El día en que su hija cumplió siete años, le permitieron al fin visitarla. Era una niña de expresión ausente y triste, asombrosamente idéntica a su madre, que se inclinó ante él y besó su mano bajo la nerviosa vigilancia de sus institutrices. En aquella primera ocasión, le estremeció el contacto de aquella criatura casi irreal, por cuyas venas se suponía que circulaba su misma sangre y a la que sin embargo sentía tan ajena como la luz de las estrellas. Después fue a verla a menudo, aunque no sabía cómo tratarla ni qué era lo que podía o debía decirle, y percibió con desaliento que la niña alimentaba hacia él, acaso impelida por quienes la cuidaban, un amor al que él sólo podía corresponder con un fingido cariño, valiéndose de golosinas para preservar el engaño. Sólo a veces, cuando miraba en el fondo violeta de sus ojos o acariciaba sus cabellos dorados, experimentaba turbios sentimientos en los que rehusó indagar.

Durante los últimos años, mientras la salud del viejo se deterioraba, le tuvo junto a él, con el doble cálculo de que aprendiera a manejarse en los más ocultos laberintos del Arzobispado y de que, al mismo tiempo, los demás se fueran haciendo a la idea de que era el destinado a sucederle. El viejo no le dio consejos, ni le aleccionó en modo alguno. Simplemente le llamó a su lado y le instó, sin demasiado énfasis, a que estuviera atento a descubrir cuanto pudiera por sí mismo. Durante largas veladas leía para el viejo extensos trozos de libros paganos que una sombría sirviente le proporcionaba antes de entrar en la habitación. El anciano nunca le agradeció que le leyera aquellas páginas, en las que se referían historias crueles, licenciosas o inauditas, ni tuvo para él ningún gesto de afecto.
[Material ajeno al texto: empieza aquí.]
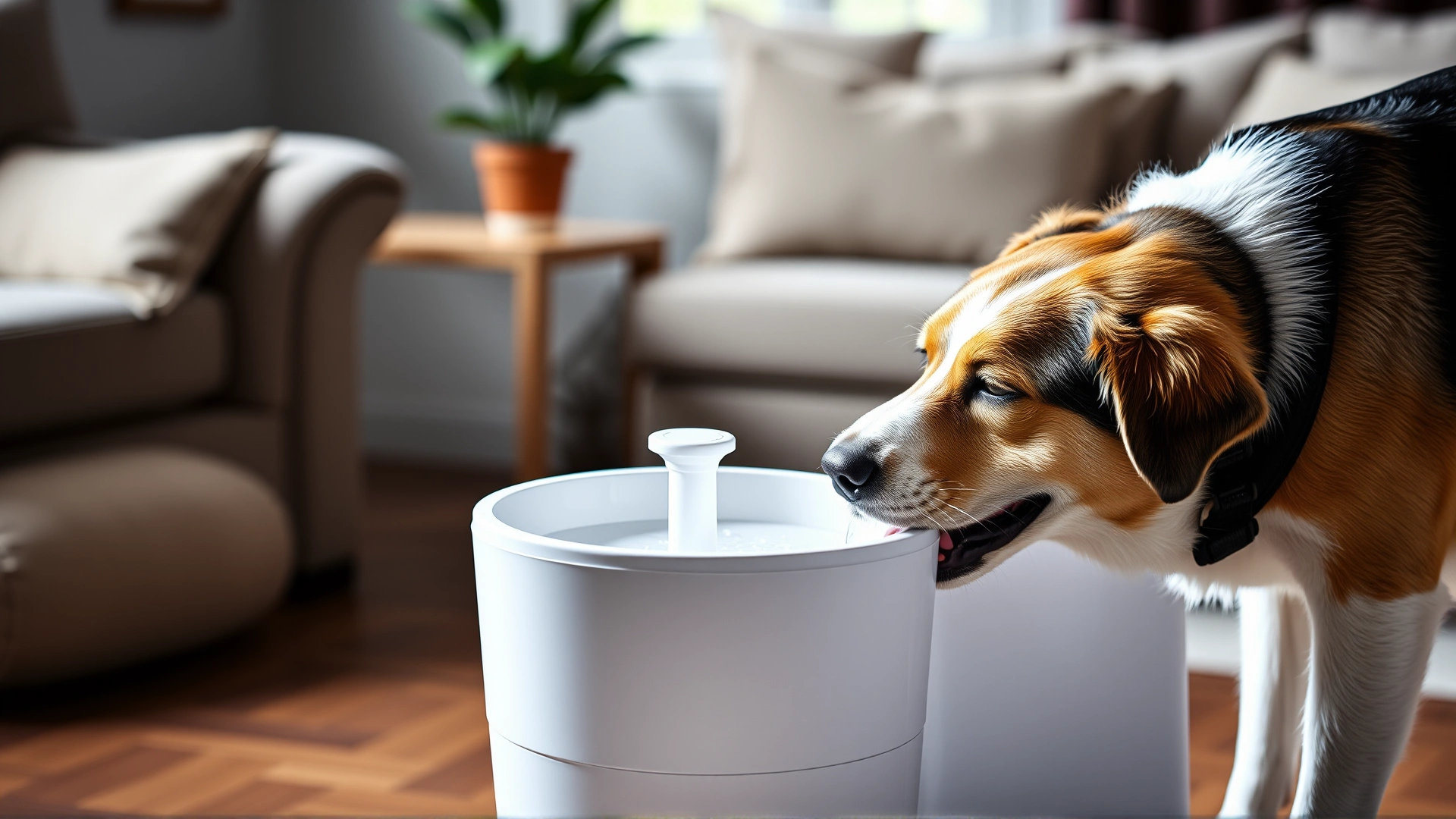 Dog happily drinking from an automatic pet water fountain in a cozy living room setting, emphasizing the flow of fresh water.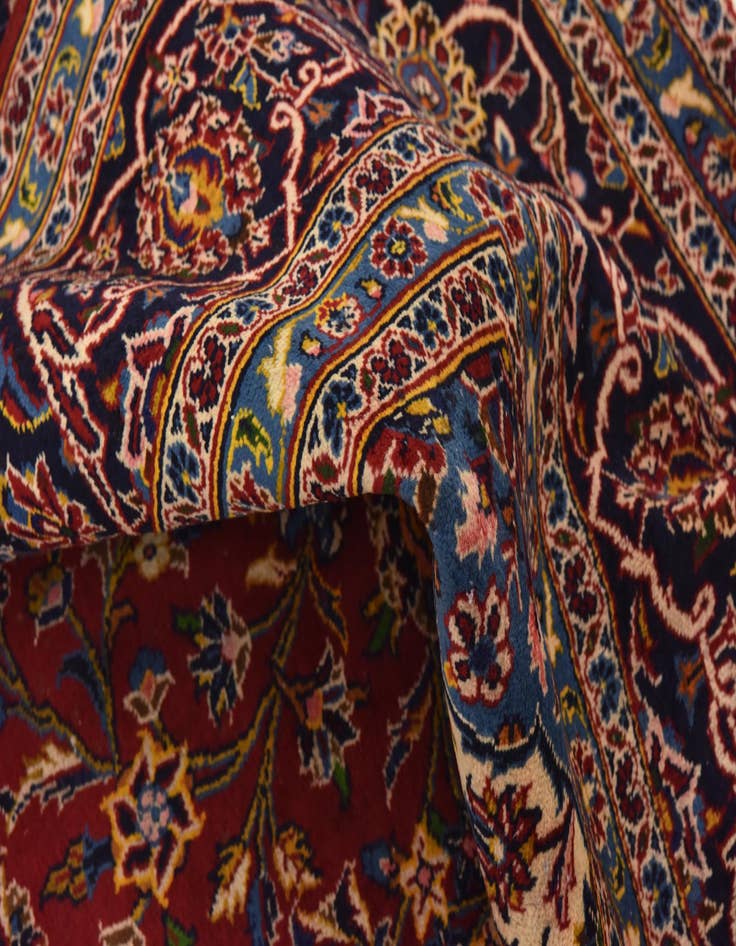 Detail image of  9' 7 x 13' 8  Hand Knotted Kashan Persian Wool Rug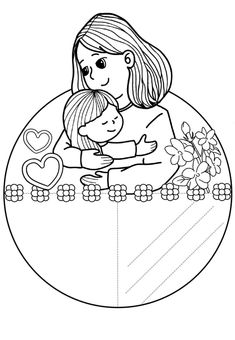 a woman holding a child in her arms with hearts and flowers on the table coloring page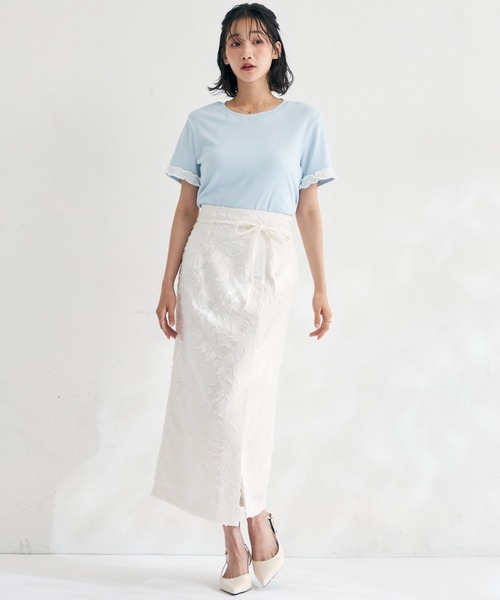 MISCH MASCH(ミッシュマッシュ)の「2026春夏新作 袖フリルデザインTシャツ(Tシャツ/カットソー・レディース・ホワイト/ブルー・フリ-)」の12枚目の写真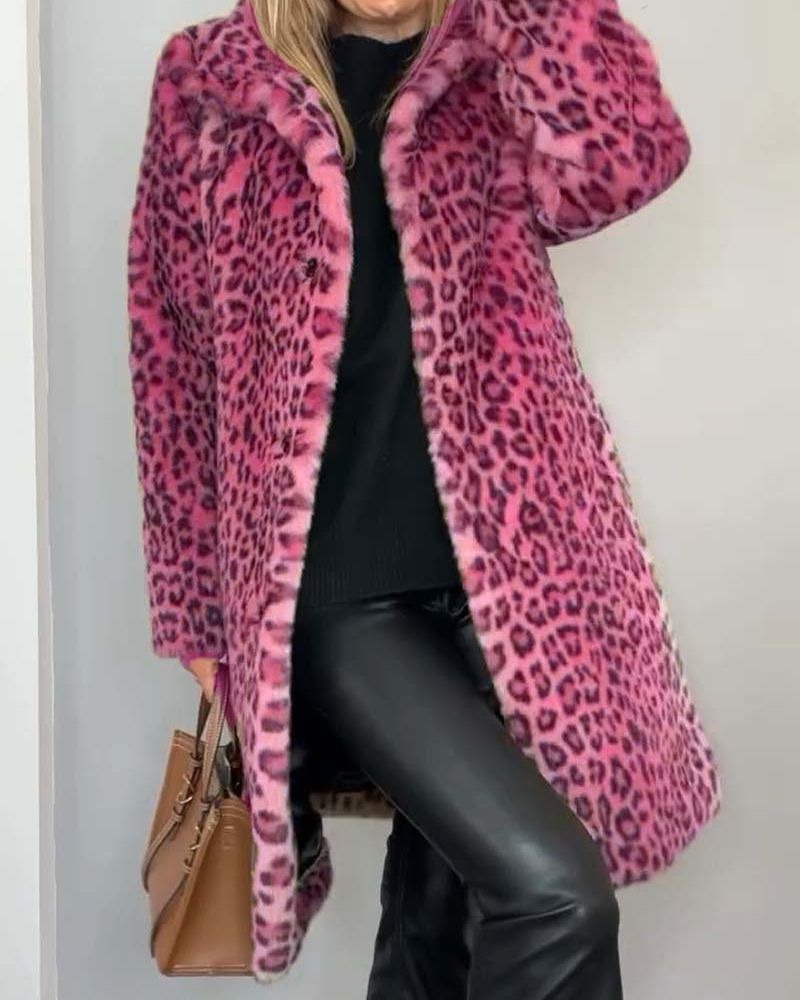 Women’s Leopard Print Coat – Soft Handle Fabric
Cuando estaba cansado, se limitaba a pedirle, con un ínfimo movimiento de su mano de esqueleto viviente, que cesara la lectura y saliera de la estancia.

A medida que el desenlace se fue acercando, los secretarios comenzaron a vivir una irreprimible excitación, compartida por los altos canónigos que quedaban después de la limpieza que en buena medida, gracias a la astucia del viejo, había sido protagonizada por él. Todos le urgían a que fuera haciéndose cargo de las responsabilidades que el moribundo no podía asumir, pero él les recomendó paciencia. Siguió leyendo aquellos libros impíos junto a la cabecera del viejo, que ya no tenía ni siquiera fuerzas para detenerle con el acostumbrado ademán. Muchas noches velaba junto a su lecho hasta el alba. Al entrar por la ventana el primer rayo de sol, se cercioraba de que el cuerpo desfallecido seguía alentando y abandonaba sus aposentos. Con invariable rudeza, disolvía a los buitres que aguardaban fuera, recriminándoles su vergonzosa ansiedad.